Bought several of these for my marine tank. So far so good. No fatalities. All fishes love them especially my clown's. Mind you, I only feed this type of food twice a week. Otherwise, they stay with Full Spectrum pellets.


----------



## Fishfur (Mar 4, 2012)

The corys were fine, prior to this unfortunate event. And I know the food was intended for salt water fish.. I did read the label.. having a ton of food allergies myself, I'm an obsessive label reader nowadays. But the ingredients were the same as many other fresh water fish foods I've used, so I didn't think that alone would make it unsuitable, plus, I've been feeding marine phyto products to my clams and filter shrimps in a community tank with corys, loaches and danios several times a week for most of this year without any problems at all. I don't think there is a huge difference between salt water and fresh water herbivores, really, unless it's a species specific nutrient or two..like a cat has to have a lot of taurine, but dogs don't need it, so you can't feed dog food to a cat. So the fact it was meant for salt water didn't strike me as being a particular issue. I looked for an expiry date and could not find one, but I've tossed the package now. 
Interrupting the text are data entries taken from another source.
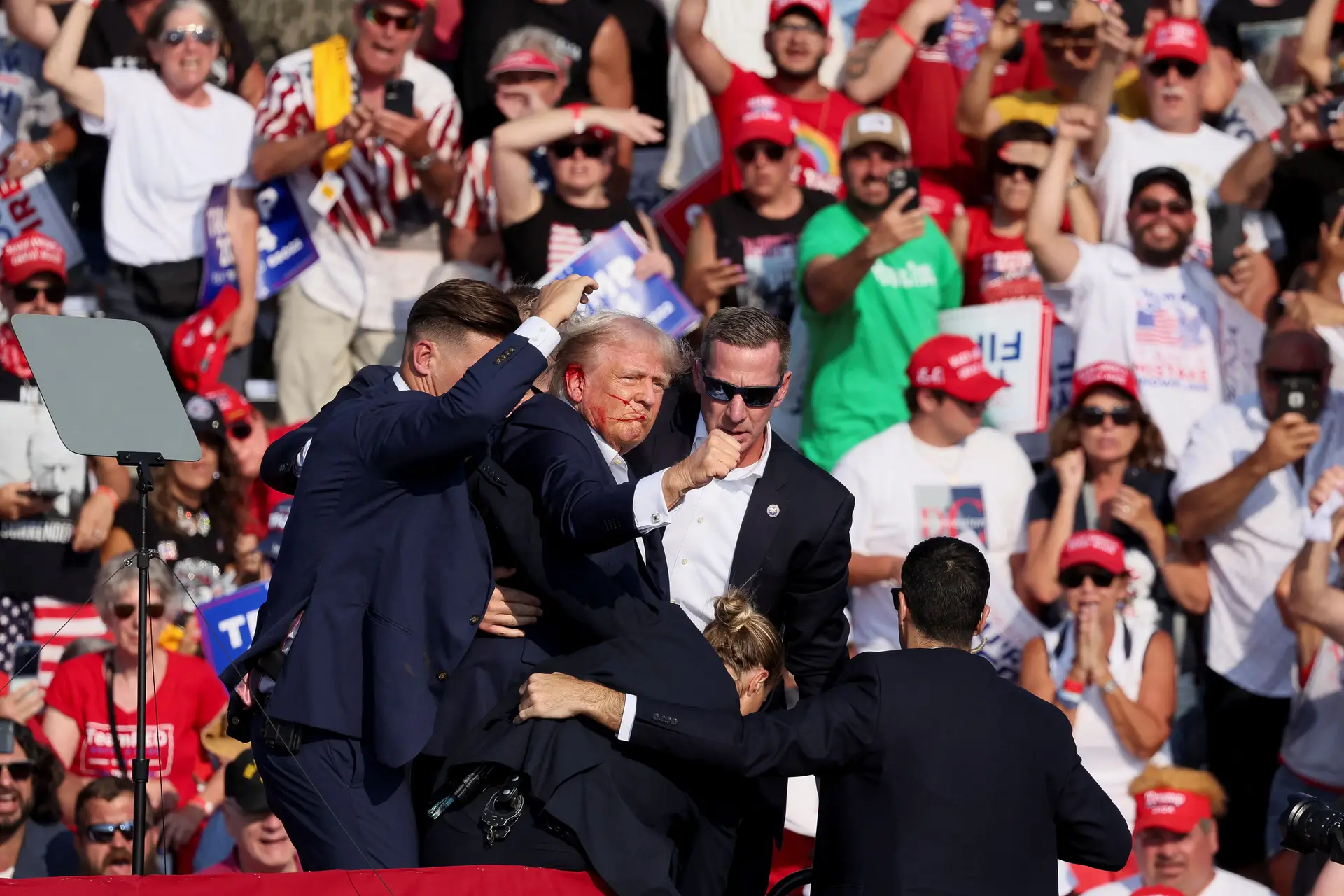 Atirador de Donald Trump terá sido visto 30 minutos antes do ataque por um polícia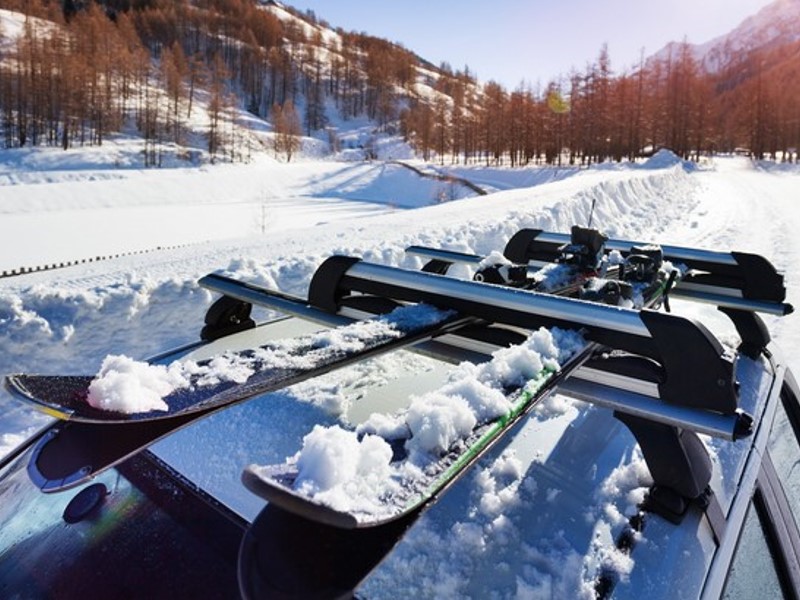 Nosači za skije za krov auta omogućuju manjim vozilima da nose skije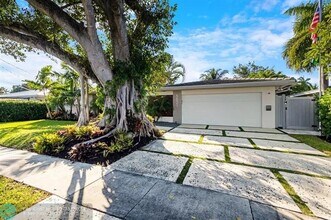 5821 NE 14th Way in Fort Lauderdale, FL - Building Photo - Building Photo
And since it looks like someone else also had a problem, perhaps it was some ingredient in the food itself that was the culprit.. look what happened with the dog and cat food awhile back with the contaminated gluten.. or the milk powder for babies that was contaminated with melamine, for that matter. We have no clue where most of those ingredients come from, nor how they were harvested or processed. From what I have been told, and I was very surprised to hear it, there are no rules for labelling pet fish food in Canada. I had thought we had fairly good label laws, but it seems the makers can pretty much put whatever they want on the label and the ingredients need not even be in the right order, as they must be for human food. Frankly I think everything should have a label that tells ALL.. no secrets allowed. I've been hit by a few too many reactions to stuff that supposedly was not in things I ate, because the label did not specify - now I'm not so trusting. For example, they can just say 'spices', which can cover a lot of ground, but I'm allergic to a LOT of those alone. Fish food should be properly labeled too.

And there was nothing else new in the tank, which is why I suspected the food was the cause. And yes, it's a premade gel, which you are supposed to squeeze out in small bits from a little sealed packet. The other kind is Repashy, which is a powder you mix with water and cook, then either serve, keep in the fridge or freeze for later on. I haven't tried that, though it is popular with a lot of shrimp people.

I just thought the gel format would make a nice change for all the algae eaters I had, some variety.. but I sure never expected anything like this to happen. Appreciate the sympathy.


----------



## solarz (Aug 31, 2010)

Mind you, this is pure speculation, but it could be the difference in salt content between SW and FW foods.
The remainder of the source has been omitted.